[EXERCISE GOAL] Among the lines below, a stretch begins at the one with "Pettric Cherie Hairball" and ends at the one with "Calvin Klein Men". Repeat that stretch exactly, ends included.

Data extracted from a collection
※

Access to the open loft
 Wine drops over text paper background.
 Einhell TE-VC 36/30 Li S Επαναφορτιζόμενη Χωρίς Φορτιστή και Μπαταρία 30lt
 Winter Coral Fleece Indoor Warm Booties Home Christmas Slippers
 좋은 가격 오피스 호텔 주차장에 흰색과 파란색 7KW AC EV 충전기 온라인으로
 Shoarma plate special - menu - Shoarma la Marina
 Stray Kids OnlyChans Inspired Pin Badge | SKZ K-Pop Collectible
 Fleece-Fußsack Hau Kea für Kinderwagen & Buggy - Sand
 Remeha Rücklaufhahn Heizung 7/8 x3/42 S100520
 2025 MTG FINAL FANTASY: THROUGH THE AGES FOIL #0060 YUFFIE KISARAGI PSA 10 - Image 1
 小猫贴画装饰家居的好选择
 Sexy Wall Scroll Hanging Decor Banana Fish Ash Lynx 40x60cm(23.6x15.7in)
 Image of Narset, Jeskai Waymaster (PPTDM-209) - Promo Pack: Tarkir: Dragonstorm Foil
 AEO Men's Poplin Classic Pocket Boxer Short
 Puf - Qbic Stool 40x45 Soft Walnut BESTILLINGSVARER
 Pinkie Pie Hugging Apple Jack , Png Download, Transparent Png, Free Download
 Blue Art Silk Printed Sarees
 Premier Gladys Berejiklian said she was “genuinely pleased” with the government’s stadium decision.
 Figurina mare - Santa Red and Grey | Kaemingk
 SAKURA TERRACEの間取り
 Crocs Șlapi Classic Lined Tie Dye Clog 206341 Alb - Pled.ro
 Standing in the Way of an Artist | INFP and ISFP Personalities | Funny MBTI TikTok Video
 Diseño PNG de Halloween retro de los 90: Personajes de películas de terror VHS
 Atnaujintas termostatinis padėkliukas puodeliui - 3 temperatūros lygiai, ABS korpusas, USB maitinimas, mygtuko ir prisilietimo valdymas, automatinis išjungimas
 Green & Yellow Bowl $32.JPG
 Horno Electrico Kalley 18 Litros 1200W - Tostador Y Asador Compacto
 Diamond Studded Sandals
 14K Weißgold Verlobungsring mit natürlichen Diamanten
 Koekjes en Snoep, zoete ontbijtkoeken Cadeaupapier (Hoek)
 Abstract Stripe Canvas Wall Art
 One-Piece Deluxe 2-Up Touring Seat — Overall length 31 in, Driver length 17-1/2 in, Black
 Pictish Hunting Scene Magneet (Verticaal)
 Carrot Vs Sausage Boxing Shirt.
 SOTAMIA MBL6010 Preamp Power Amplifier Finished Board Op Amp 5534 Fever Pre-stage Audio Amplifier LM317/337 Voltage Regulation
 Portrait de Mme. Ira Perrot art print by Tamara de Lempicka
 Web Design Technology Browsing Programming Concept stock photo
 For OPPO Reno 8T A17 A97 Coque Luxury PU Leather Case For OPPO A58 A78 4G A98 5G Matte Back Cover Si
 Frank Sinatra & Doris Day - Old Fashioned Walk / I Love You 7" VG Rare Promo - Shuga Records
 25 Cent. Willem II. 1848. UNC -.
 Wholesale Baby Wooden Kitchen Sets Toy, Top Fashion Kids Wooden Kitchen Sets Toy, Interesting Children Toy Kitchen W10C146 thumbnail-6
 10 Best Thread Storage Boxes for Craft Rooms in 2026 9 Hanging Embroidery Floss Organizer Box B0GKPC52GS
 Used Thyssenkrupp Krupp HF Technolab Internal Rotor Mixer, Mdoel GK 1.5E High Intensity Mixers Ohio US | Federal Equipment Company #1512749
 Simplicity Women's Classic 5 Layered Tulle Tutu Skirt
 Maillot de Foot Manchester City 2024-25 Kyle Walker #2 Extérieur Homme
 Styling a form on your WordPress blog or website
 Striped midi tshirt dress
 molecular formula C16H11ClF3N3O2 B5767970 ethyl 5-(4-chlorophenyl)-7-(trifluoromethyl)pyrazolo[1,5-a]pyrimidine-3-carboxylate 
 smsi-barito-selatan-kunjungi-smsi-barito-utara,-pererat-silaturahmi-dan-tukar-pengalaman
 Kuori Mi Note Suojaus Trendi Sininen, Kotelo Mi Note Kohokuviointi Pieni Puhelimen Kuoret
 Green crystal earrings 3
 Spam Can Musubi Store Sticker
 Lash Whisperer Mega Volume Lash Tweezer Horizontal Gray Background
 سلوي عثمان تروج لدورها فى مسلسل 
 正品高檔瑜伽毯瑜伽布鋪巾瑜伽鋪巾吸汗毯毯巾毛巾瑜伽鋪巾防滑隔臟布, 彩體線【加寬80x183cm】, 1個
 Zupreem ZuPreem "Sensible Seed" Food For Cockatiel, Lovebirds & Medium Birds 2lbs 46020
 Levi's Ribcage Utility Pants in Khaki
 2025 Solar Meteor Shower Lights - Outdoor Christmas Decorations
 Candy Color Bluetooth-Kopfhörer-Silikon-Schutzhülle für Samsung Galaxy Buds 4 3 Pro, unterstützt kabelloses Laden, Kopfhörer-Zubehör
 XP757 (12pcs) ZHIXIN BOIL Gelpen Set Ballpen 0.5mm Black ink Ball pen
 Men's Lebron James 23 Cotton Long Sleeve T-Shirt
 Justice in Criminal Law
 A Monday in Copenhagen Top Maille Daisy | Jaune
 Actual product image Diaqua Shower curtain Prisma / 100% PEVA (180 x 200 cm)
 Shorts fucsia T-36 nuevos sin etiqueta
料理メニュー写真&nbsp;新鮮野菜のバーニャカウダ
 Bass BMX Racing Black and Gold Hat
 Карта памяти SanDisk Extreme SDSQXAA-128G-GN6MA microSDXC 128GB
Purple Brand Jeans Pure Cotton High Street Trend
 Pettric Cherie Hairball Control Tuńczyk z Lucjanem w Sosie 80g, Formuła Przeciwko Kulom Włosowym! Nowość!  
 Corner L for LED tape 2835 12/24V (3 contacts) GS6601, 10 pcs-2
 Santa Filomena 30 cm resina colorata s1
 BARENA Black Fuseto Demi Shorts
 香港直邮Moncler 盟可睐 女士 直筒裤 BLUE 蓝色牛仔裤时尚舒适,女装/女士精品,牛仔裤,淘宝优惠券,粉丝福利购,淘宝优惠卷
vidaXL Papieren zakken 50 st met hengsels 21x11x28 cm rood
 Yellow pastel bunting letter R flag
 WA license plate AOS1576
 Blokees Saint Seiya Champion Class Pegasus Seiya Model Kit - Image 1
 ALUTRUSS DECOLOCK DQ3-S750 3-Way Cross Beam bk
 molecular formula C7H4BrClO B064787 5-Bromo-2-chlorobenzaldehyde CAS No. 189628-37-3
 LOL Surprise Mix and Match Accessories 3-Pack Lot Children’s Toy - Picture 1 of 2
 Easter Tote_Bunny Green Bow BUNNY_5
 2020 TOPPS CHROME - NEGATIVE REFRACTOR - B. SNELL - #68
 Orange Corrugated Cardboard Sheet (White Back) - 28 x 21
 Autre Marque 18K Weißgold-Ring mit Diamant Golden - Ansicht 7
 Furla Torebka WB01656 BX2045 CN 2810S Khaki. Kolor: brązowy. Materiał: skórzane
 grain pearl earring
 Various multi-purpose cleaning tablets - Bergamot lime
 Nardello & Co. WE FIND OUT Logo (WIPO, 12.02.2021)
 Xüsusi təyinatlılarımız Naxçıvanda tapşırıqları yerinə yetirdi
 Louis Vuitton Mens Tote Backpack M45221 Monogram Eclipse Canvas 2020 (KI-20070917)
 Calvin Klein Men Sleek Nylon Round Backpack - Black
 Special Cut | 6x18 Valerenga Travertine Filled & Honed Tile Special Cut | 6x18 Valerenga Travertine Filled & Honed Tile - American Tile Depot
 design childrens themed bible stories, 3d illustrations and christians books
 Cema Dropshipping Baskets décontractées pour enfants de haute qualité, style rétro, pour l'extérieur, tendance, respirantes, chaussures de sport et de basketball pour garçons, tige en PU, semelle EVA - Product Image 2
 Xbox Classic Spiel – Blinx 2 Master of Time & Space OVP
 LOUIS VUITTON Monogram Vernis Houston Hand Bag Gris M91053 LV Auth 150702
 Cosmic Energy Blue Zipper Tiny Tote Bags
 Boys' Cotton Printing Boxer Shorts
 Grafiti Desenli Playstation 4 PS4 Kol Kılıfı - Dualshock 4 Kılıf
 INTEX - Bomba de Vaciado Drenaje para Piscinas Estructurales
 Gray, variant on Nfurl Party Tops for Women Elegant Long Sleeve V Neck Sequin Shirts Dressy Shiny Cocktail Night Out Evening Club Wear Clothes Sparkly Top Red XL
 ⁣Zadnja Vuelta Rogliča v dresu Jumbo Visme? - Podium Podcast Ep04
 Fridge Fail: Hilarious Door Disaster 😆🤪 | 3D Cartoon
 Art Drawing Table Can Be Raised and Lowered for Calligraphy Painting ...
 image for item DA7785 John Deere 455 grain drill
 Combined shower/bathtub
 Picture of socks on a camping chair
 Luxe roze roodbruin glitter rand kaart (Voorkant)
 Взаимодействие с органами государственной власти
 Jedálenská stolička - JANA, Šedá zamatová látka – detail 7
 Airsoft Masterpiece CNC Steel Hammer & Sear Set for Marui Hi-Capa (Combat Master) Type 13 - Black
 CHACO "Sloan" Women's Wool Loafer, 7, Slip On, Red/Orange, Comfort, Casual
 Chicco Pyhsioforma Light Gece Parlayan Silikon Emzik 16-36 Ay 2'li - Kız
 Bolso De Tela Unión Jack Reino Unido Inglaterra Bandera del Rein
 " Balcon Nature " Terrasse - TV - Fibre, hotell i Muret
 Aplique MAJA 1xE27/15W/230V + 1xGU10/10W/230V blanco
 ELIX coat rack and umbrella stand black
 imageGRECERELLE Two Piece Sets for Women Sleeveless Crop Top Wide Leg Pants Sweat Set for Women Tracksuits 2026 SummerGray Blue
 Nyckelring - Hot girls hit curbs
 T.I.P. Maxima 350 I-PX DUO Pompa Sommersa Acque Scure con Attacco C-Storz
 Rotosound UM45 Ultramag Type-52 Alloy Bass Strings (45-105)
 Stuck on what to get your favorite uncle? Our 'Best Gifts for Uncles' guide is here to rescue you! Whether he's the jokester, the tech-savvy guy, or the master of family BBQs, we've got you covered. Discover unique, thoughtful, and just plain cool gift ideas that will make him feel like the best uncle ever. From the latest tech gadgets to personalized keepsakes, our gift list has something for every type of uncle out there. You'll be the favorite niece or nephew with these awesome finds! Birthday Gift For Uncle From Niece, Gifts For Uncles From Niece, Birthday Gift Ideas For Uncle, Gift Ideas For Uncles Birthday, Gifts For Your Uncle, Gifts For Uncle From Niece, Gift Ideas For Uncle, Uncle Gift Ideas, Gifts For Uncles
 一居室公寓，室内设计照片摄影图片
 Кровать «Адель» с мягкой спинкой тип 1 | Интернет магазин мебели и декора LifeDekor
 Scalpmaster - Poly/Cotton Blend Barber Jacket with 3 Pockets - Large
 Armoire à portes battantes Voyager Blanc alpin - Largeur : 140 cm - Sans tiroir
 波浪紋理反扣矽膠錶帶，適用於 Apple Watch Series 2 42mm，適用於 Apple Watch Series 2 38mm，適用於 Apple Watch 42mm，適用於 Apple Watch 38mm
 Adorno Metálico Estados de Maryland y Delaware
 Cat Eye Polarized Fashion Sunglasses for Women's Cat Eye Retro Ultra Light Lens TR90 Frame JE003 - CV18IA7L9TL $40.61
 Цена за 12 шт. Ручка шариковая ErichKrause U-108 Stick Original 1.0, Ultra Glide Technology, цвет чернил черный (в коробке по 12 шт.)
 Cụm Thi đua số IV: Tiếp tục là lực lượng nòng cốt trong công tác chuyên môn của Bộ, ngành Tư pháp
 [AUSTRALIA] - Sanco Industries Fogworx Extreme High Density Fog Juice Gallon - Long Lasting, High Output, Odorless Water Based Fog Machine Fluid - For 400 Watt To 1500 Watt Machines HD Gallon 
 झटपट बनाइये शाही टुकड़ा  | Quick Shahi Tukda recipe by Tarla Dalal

※

[PROBLEM SOLUTION]
 Pettric Cherie Hairball Control Tuńczyk z Lucjanem w Sosie 80g, Formuła Przeciwko Kulom Włosowym! Nowość!  
 Corner L for LED tape 2835 12/24V (3 contacts) GS6601, 10 pcs-2
 Santa Filomena 30 cm resina colorata s1
 BARENA Black Fuseto Demi Shorts
 香港直邮Moncler 盟可睐 女士 直筒裤 BLUE 蓝色牛仔裤时尚舒适,女装/女士精品,牛仔裤,淘宝优惠券,粉丝福利购,淘宝优惠卷
vidaXL Papieren zakken 50 st met hengsels 21x11x28 cm rood
 Yellow pastel bunting letter R flag
 WA license plate AOS1576
 Blokees Saint Seiya Champion Class Pegasus Seiya Model Kit - Image 1
 ALUTRUSS DECOLOCK DQ3-S750 3-Way Cross Beam bk
 molecular formula C7H4BrClO B064787 5-Bromo-2-chlorobenzaldehyde CAS No. 189628-37-3
 LOL Surprise Mix and Match Accessories 3-Pack Lot Children’s Toy - Picture 1 of 2
 Easter Tote_Bunny Green Bow BUNNY_5
 2020 TOPPS CHROME - NEGATIVE REFRACTOR - B. SNELL - #68
 Orange Corrugated Cardboard Sheet (White Back) - 28 x 21
 Autre Marque 18K Weißgold-Ring mit Diamant Golden - Ansicht 7
 Furla Torebka WB01656 BX2045 CN 2810S Khaki. Kolor: brązowy. Materiał: skórzane
 grain pearl earring
 Various multi-purpose cleaning tablets - Bergamot lime
 Nardello & Co. WE FIND OUT Logo (WIPO, 12.02.2021)
 Xüsusi təyinatlılarımız Naxçıvanda tapşırıqları yerinə yetirdi
 Louis Vuitton Mens Tote Backpack M45221 Monogram Eclipse Canvas 2020 (KI-20070917)
 Calvin Klein Men Sleek Nylon Round Backpack - Black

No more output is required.